Poussez la porte d’un magasin de jouets et observez: dînette, poupée, panoplie d’infirmière (pas de médecin!), aspirateur, maquillage… pour les filles; armes, outils, jeux de construction pour les garçons. «On explique ainsi bien aux enfants leurs rôles: la petite fille, c’est l’intérieur, la famille, les enfants; le petit garçon, l’extérieur, les fonctions de commandements. Jamais on ne se demande si les enfants n’ont pas envie des jouets de l’autre», commente Scarlett Beauvalet. «À l’époque moderne, la différenciation des jouets ne se faisait que vers 4-5 ans. Au départ, les enfants avaient les mêmes jouets: les garçons jouaient à la poupée et à la dînette; un exemple célèbre étant celui du roi Louis XIII qui adorait la dînette; ce n’est que vers l’âge de 4 ans qu’on lui a donné des jouets militaires, en phase avec ses fonctions futures. La différenciation n’était pas aussi forte. Aujourd’hui, elle démarre dès la naissance.»

Le rose, le bleu: pur marketing

Il n’y a pas que les univers qui renforcent ces stéréotypes. Les couleurs jouent un rôle également. «Cela se marque même sur les murs. Ouvrez un catalogue de papiers peints pour les chambres de nouveau-nés, c’est sidérant!» Il n’en a pourtant pas toujours été comme cela. «Avant c’était l’inverse: le blanc était de mise pour les bébés, le bleu pour les filles – couleur de la robe de la vierge – et rouge pour les garçons – la couleur du feu, de la force. L’inversion s’est faite lentement, il n’y a pas de date précise, et a été récupérée par les marchands de jouets et d’autres objets. Pour des raisons de pur marketing, il est bon d’avoir deux couleurs: quand dans une famille naît d’abord une petite fille à qui on offre un vélo rose, on ne refilera pas au petit frère: il faudra lui en acheter un bleu!» Les modèles sont ainsi véhiculés de manière prédominante. Et se renforcent à l’école, où l’on ne s’adresse pas de la même façon aux filles et aux garçons.
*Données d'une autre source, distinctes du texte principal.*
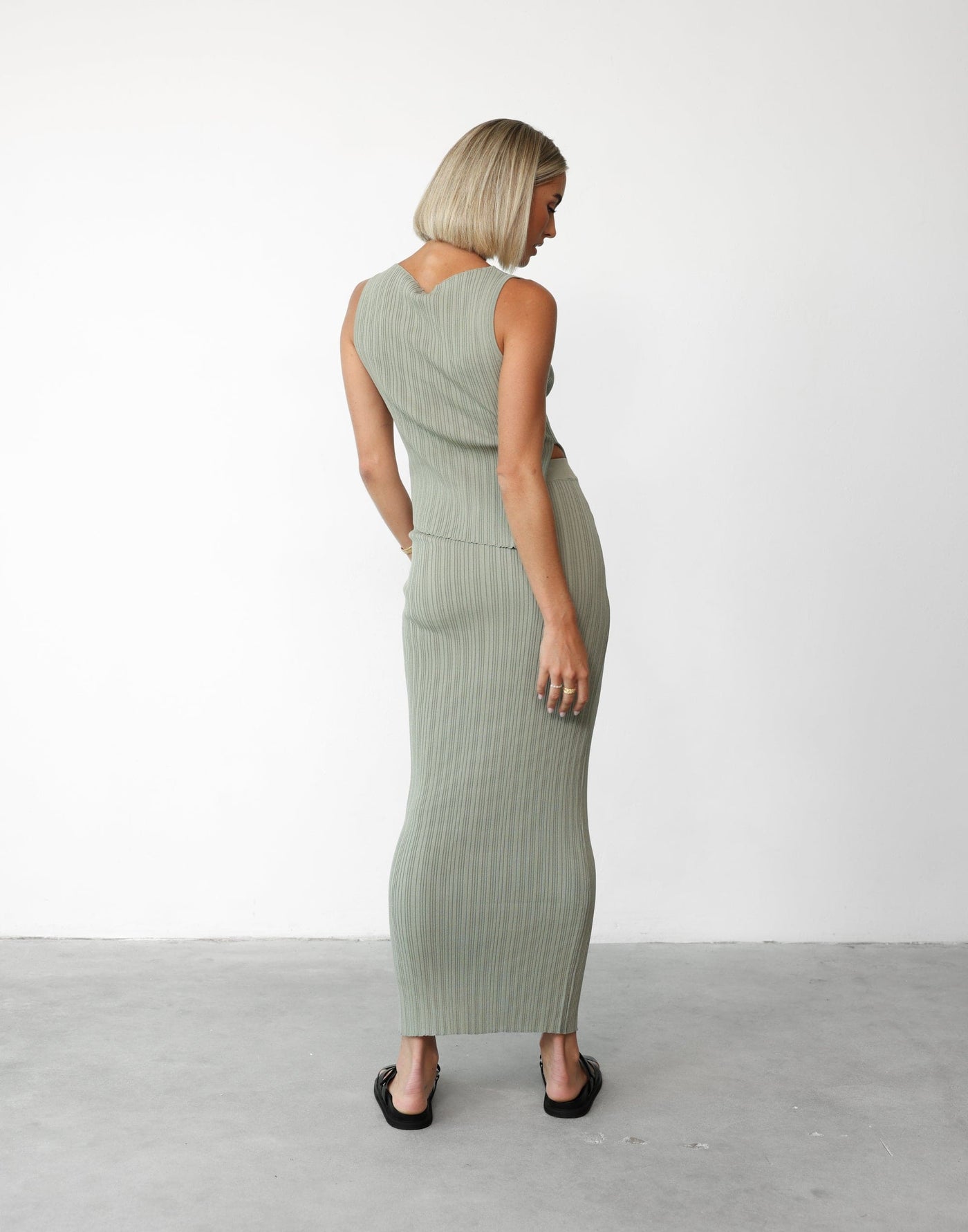 Kienna Maxi Skirt (Willoe) | Charcoal Clothing Exclusive - Ribbed Knit Bodycon Maxi Skirt - Women's Skirt - Charcoal Clothing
Des pistes vers le changement

Les stéréotypes sont tenaces et chacun y participe. Comment rompre ce formatage? Pour Scarlett Beauvalet, «c’est difficile, mais pas impossible. Il faut revoir toute l’éducation, changer les mentalités et les politiques. Mais pour cela, il faut de la volonté, dans la famille, dans les crèches, les écoles, les institutions… Les pays scandinaves l’ont partiellement réussi en mettant en place un système d’éducation égalitaire depuis des décennies. Chez nous, hélas, beaucoup de parents sont réticents au changement. Il faut casser ces résistances, ce n’est pas gagné. Quand on a lancé les ABC de l’égalité en France – pour un enseignement plus égalitaire avec la même éducation pour les filles et les garçons –, on a assisté à un vrai tollé de la part d’associations de parents. Un papa avait même twitté “Tu seras une fille, mon fils”! Les politiques qui soutenaient le mouvement ont alors fait marche arrière… C’est donc loin d’être gagné. Mais si on le veut, on peut y arriver!»

 


(1) Emmanuelle Berthiaud et Scarlett Beauvalet, Le Rose et le Bleu. La fabrique du féminin et du masculin, Paris, Belin, 2016, 382 p.